Sketches of Shadows
These studies form a body of work titled Sketches of Shadows. Made without a camera, they are photographs created entirely in the darkroom. Using the soft, glimmering light of a flame ‘painted’ over silver gelatin paper, the results chart sculptural reliefs and deliberate plays of light and shadow on the prints. The effect seems random and arbitrary, but requires a degree of control and conscious action, as the shapes do not reveal themselves until the paper is in the developing chemicals. While painting light over the surface, I am essentially working blind.
Once the print has emerged, shapes that may resemble or evoke certain motifs reveal themselves. In some we have forms that appear as eyes; a symbol of clarity which stands in contrast to the blindness of their making. Naturally the eye has long featured in art as a symbol of omniscience and mystery, often with an unsettling undertone. It was used extensively in Surrealist art such as René Magritte's The False Mirror (1929), a painting which was once owned by Man Ray, who himself returned to the device countless times in his photographs and films.

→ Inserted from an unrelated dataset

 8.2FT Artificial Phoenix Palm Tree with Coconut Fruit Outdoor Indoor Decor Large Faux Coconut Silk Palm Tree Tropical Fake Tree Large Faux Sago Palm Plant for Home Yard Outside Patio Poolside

The affiliation to Surrealism is also reflected in the process of revealing the unconscious or unknown through imagined and incidental gestures. Aesthetically this work also owes a lot to the photograms and paintings of László Moholy-Nagy. Each print is a one-off and cannot be recreated in the same manner. Conversely, there is no end to the available forms that can be made using such techniques, making it an entirely autonomous process.